Long-term population monitoring
Long-term population monitoring of leopards in the Western Ghats and Deccan Plateau area, crucial to gauging the abundance and density estimates over a longer period of time and across changing variables.
Leopards, apart from being charismatic animals, are known for their remarkable adaptability. Unfortunately, their adaptability, coupled with their varied diet, also makes them a highly conflict-prone species in India. This, along with other threats such as poaching, vehicular collisions, habitat loss and fragmentation, direct persecution, and more, has led to a huge decline in their historical range. The distributional range of the subspecies Panthera pardus fusca falls majorly within India and thus remains its primary stronghold.
Even though they are widely distributed, there is a lack of reliable population data in India, especially outside protected areas. Population studies can be used to design and implement conservation plans to protect leopards. Long-term population monitoring helps evaluate any existing conservation plans and identify previously unknown threats to leopards. Additionally, estimating densities and abundance across study sites that vary in resources and threats can help in understanding regional density variation.
Our work aims at establishing baseline data for population density and abundance of leopards in protected areas, multiple-use forests, as well as human dominated landscapes in Karnataka.
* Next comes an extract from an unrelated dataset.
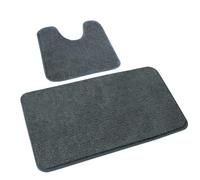Rururug Juego de 2 Alfombra de Baño Antideslizante Alfombrilla Baño de Microfibra Alfombra de Ducha Ultra Suave Gris (50x80+50x40cm)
Since we started the camera-trapping process in 2012, we have identified 773 individual leopards. This is the first of its kind exercise to build a repository for leopards in India.
A total of 31 sites, covering an area of 4,297 sq. km., have been surveyed till date which include five protected areas, and 26 multiple-use forests (reserved/state/minor forests) and other natural and human-modified habitats. Population monitoring is carried out using the capture-recapture technique and occupancy surveys.
In addition to leopards, a species that piqued interest was the ratel or the honey badger (Mellivora capensis) for the first time in Karnataka in 2014. In 2018, the brown mongoose (Urva fuscus), a cryptic species restricted to the Western Ghats, was photo documented in Biligiri Rangaswamy Tiger Reserve (BRT) extending its range south-east of its previous records. During the 2020 survey in Cauvery Wildlife Sanctuary, the Indian Grey Wolf (Canis lupus pallipes) was photo-captured making it the southernmost record in India. We also recorded the Chinkara or Indian gazelle (Gazella bennettii) in 2015, at a reserve forest known as the Bukkapatna Reserve Forest. This discovery was instrumental in notifying the forest as the Bukkapatna Chinkara Wildlife Sanctuary, the second of its kind in Karnataka.